Bullion Bulletin Research
Gold, the most debated asset class in last decade, is at centre of discussion once again. This time, the debate is more on if gold would hit new high this year as well or it would correct more, say towards, $1100/oz by year’s end. Protagonists who think gold price would correct are betting heavily on Eurozone issue – the bailout issue of many Eurozone nations would create more uncertainty in the region’s investment as ‘solvency fear’ of many Eurozone banks are looming large. On the other hand, protagonists who believe gold would rally again this year, are maintaining whole lots of arguments ranging from poor employment situation, weak monetary policy, need for creation of new financial package in form of QE, so on and so forth in advanced economies led by United States. Some are eying closely on Chinese data as they believe China is consuming more gold than what they are reporting and so demand will continue to remain high even at this so called high price. It is very difficult to address exactly the event of future as so much ‘ifs and buts’ may ultimately culminate into ‘confusion’. For coming three to four months, what we can make a study on price trend of gold in world’s largest gold consuming nation, India, as well as global price trend last decade between June and October to ascertain what investors can get if they decide to invest in month of June or July.
Typically, peak season in India starts after June and remains till October / November. We have taken this time period as demography of India is somewhat different from rest of the world, when it comes to the question of gold consumption pattern. Analysts around the world love to analyse things on quarterly basis. But it may deliver wrong signal in the Indian context because of various festivals and marriage, demand kicks in during this time frame (July-October).
Price Trend in Mumbai Spot Gold
Fig 1 is a historical analysis on return or loss on investment in gold if made in month of June. We have taken monthly closing price of Mumbai gold. It shows gold has delivered negative return only four times if bought in month of June. The maximum loss that an investor incurred was 2.50%. On the other side, the return ranges from 3.19% to 21.14%. Altogether, the average return was around 6%. This return is fairly phenomenal. Of course in India very few people buy gold to get short term returns other than few traders who speculate on gold contracts in commodity exchanges.
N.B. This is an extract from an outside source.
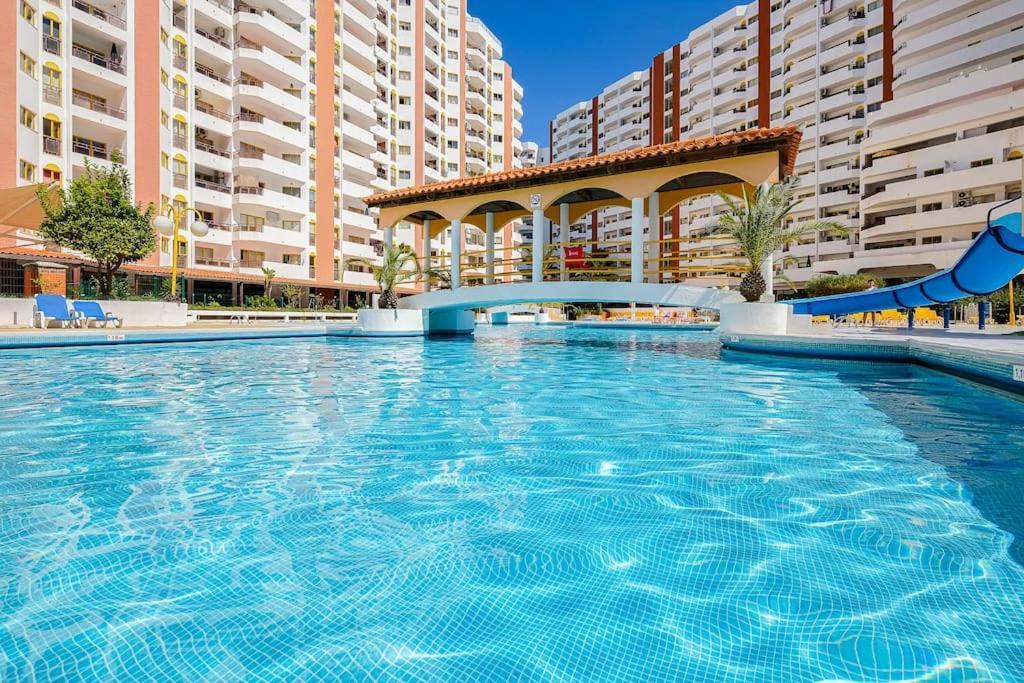 T2 With Pool, 300m From The Apartamento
People buy gold for long term horizon as a future store of value for the purposes we already mentioned. In last ten years average annual return on Rupee denominated gold is over 10%. So, why not buy gold in June?
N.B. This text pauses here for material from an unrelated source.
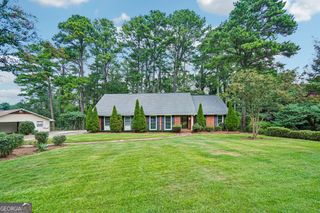 2615 Skyline Drive, Atlanta, GA 30337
Compared with Sensex (Fig.2), the story is more revealing. Between 2003 and 2007, the average return on Sensex is 21% in the current time frame. But when it is calculated from 2000, the return works out to less than 4%. It is because, in few years like 2000-2001 and again in 2008, the equity market nosedived and massive erosion of wealth had taken place. So, there is a high risk when investing in paper assets like equities and in current economic atmosphere, a tangible asset or ‘hard money’ like gold is more than handy from investment point of view and of course, Indians should not mind.
Last year, rupee has played most important part to push gold price in India. From investors’ point of view, it was a windfall profit as total return on investment came around 21% in the current time frame. This is certainly not desirable from economic point of view. The currency depreciation along with high import bill on gold have already created massive discomfort to government. We should look at it in later paragraphs.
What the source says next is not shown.